You do not have to know how the portal works to be able to use it. However, if you're considering developing applications using it, or are just curious, this section contains a brief introduction.
Nodes
All the data in the portal is held as nodes. Each node is a chunk of data, possibly with some processing or behaviours attached.
Each page in the portal is created by displaying a node, and each node can be shown as a page.
Nodes have references which are used to create the page URLs. The references arrange nodes into a hierarchy - like a folder structure on your PC. This is used to represent application structures and data structures within the portal.
Node types and fields
Each node has a node type. The node type lists fields that define what data the nodes will hold. The node type and fields also control how the data will be displayed.
The node types and the fields can be associated with scripts which add functionality to the data. Scripts can be used for lots of different things, like validating data, building output for the user and running business logic. Scripts can be used to calculate data, and the the portal has special processing to make sure that calculated data is always up-to-date when the data that it depends on is changed, in the same way that spreadsheets automatically recalculate totals when the data changes.
Although nodes can have scripts, most development does not need them, and just involves creating and linking data. Imporantly, what scripts there are live inside the data, rather than separately from the data, and are automatically applied when that data is used. The overall application structure and functionality is fully defined in data, an approach we call data-driven.
Node types and fields are nodes too
Node types and fields are also nodes, and they themselves have node types with fields.
Node types and field types can be maintained in the portal like any other data. This means that you can create new solutions directly online in the portal without using a separate development environment. The portal provides developer-friendly capabilities including an integrated development environment, code editors and test harnesses. However, these are completely built into the portal, not separate tools.
Changing how you define things
This is the clever bit.
Because node types and fields are nodes, and because you can use scripts to calculate data, you can change how you define node types and fields.
To give a simple example, the underlying data just stores simple strings, and the standard field lets you enter any text you like.
But you might want a field where the user picks a value from a drop-down list. You could build one field like this using the scripts attached to the fields. But you can, instead, build a node type that uses the data calculation features to create fields with all these scripts built in, and which lets you enter the drop-down field values. You can now use that node type to create fields with drop-downs.

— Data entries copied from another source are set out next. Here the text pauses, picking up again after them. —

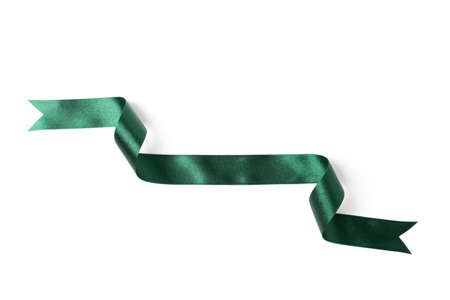 green banners ribbons label on white backgroundの写真素材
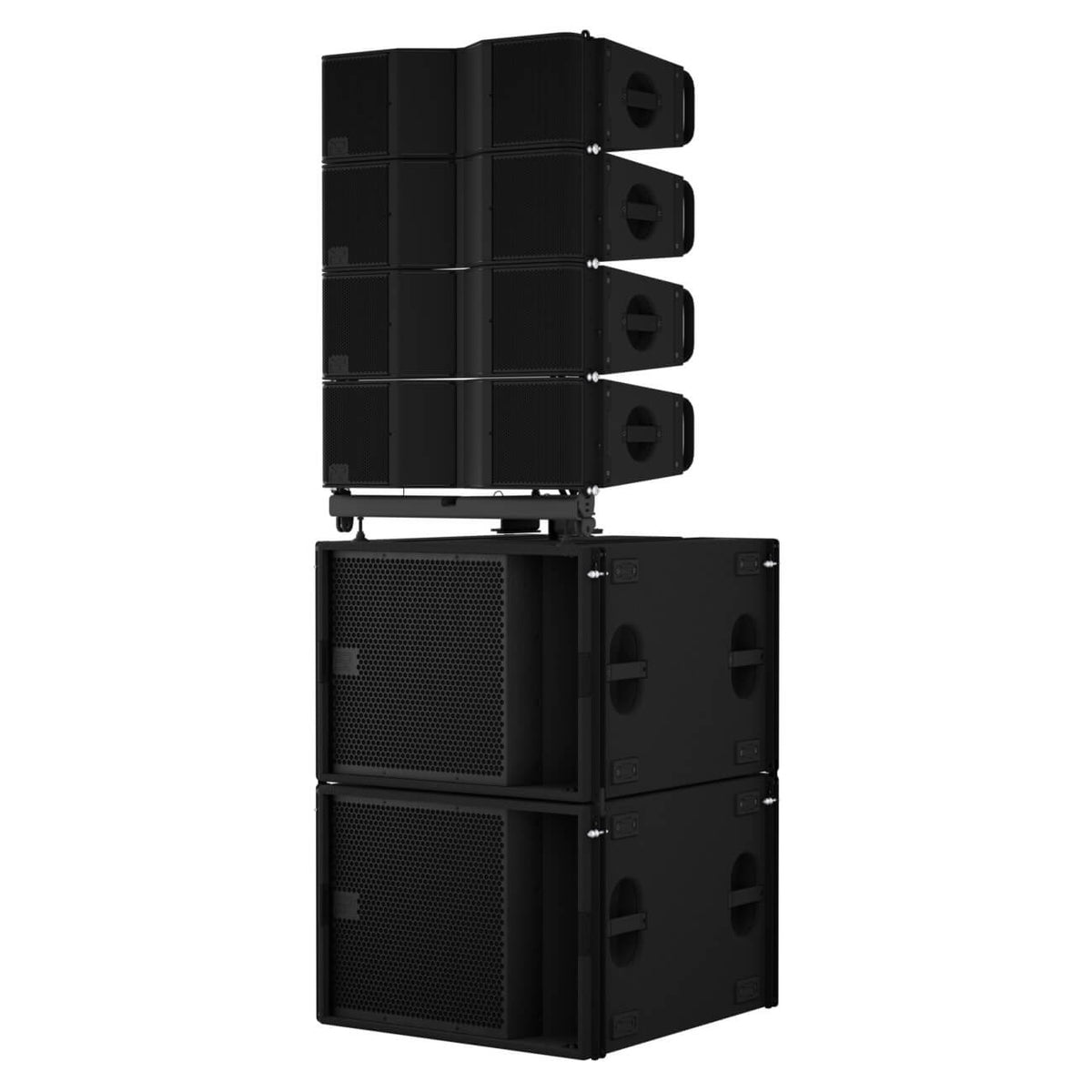 2x EAW NT119S - Newport Series, 19-inch Powered Subwoofers under 4x NT208L, ground stack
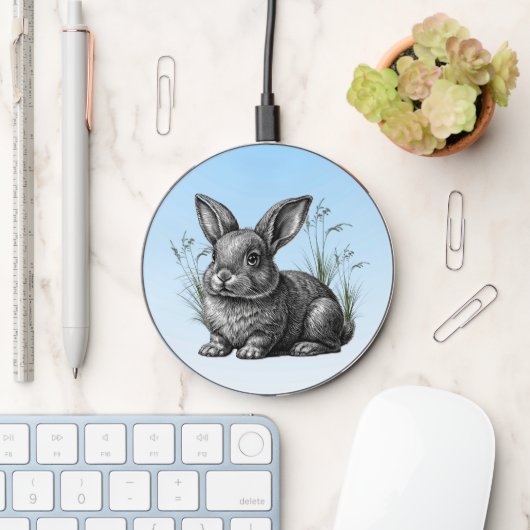 Cute Gray Rabbit against a Blue Sky Wireless Charger (Desk)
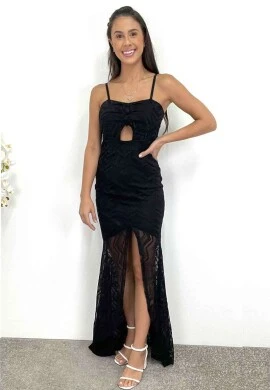 VESTIDO LONGO DE RENDA  COSH JEANS - Preto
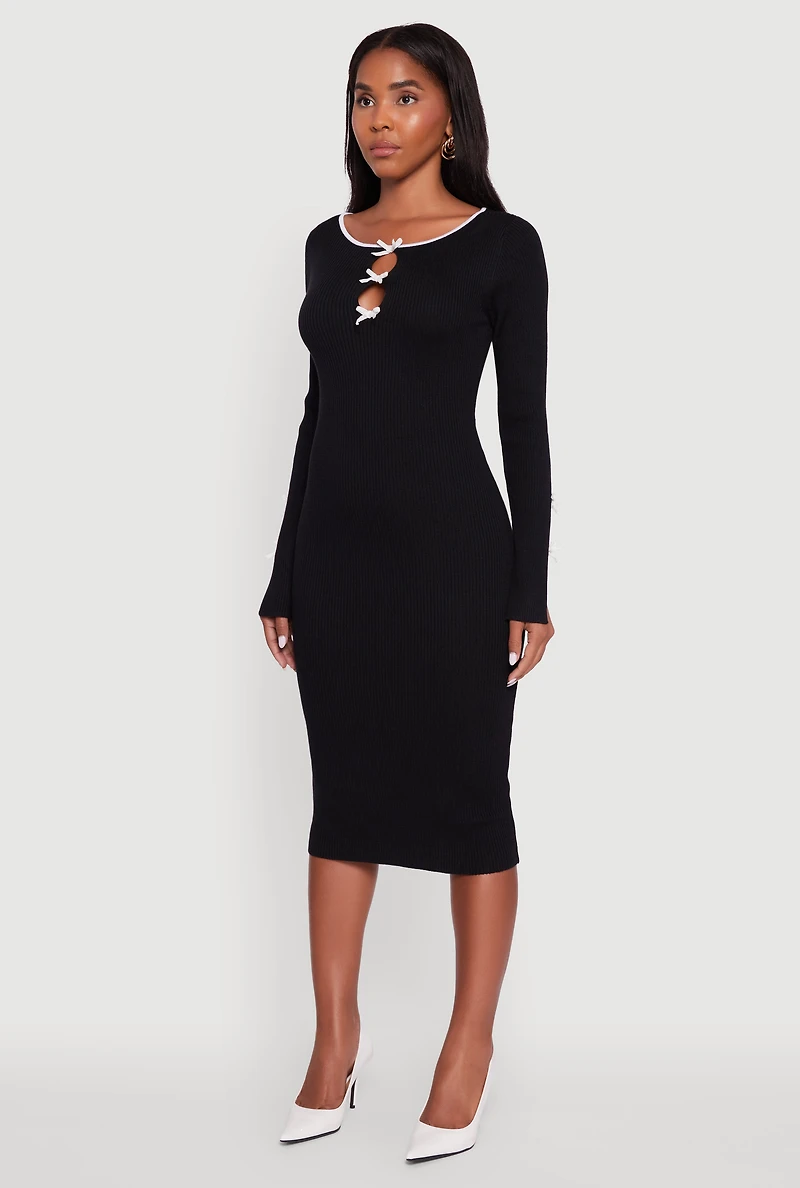 Womens Ribbed Knit Bow Detail Sweater Midi Dress,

This flexibility means that the portal can provide a rich set of components, that can be combined quickly to build all manner of applications. Building applications is just a matter of definining data - an approach we call data-driven development - rather than writing lots of code.
The portal comes shipped with hundreds of components for creating applications, covering all manner of requirements from simple field definitions, table handling, file and image processing, process management, and so on and so on. Even the development tools in the portal are just specialised node types.
This approach means that the portal can be whatever you need it to be. If you are creating a website, it can be a content management system. If you are automating business processes, it can be a model-driven business process automation tool. If you are writing business rules, it can be a development environment. If you are maintaining business data, it can be a master data management system. If you're communicating with business partners, it can be an online collaboration portal. It can be all these specialised tools, and others, all at the same time, all built on a single, unified model of data and processing.
Example - process management support
To give a fuller example of how the portal works, consider process management support.
The portal has no built-in process management support. It does not know how to define a process or how to run one.
It is possible to define a process in data, using something like JSON. The data can link to nodes that contain scripts that define functionality, plus configuration and flow logic to control the process. It is possible to create a script that interprets this data and which can invoke the required functionality for the current state of the process. The process definition and script can be associated with a node type which means we can now have a node type that can hold a process definition and can execute a process.
The process definition can be a bit complicated to get right, so it might be worth creating a better way of defining it. The portal lets you define a process using a series of forms, to define the possible actions, functions and rules within the process. This can be easier than editing a process definition directly. These forms are then turned into the process definition using the data calculation approach, so that the process definition changes whenever the data on the forms change.
To make it even easier, it would be good to be able to enter the processes as diagrams. To achieve this, the portal provides a node type which can interpret an uploaded business process model created in an industry standard format, convert this to it's own process definition, and then execute that process. This means the portal can support model-driven process design and execution, all without having any built-in support for process management.
There's more
As well as node handling, the portal contains great integration features. It has comprehensive inbound and outbound web service support, is integrated with lots of browser libraries like editors, comes with back-end integration to services like email and search engines, and all of this can be extended as much as you need, all within the same secure, data-driven node approach.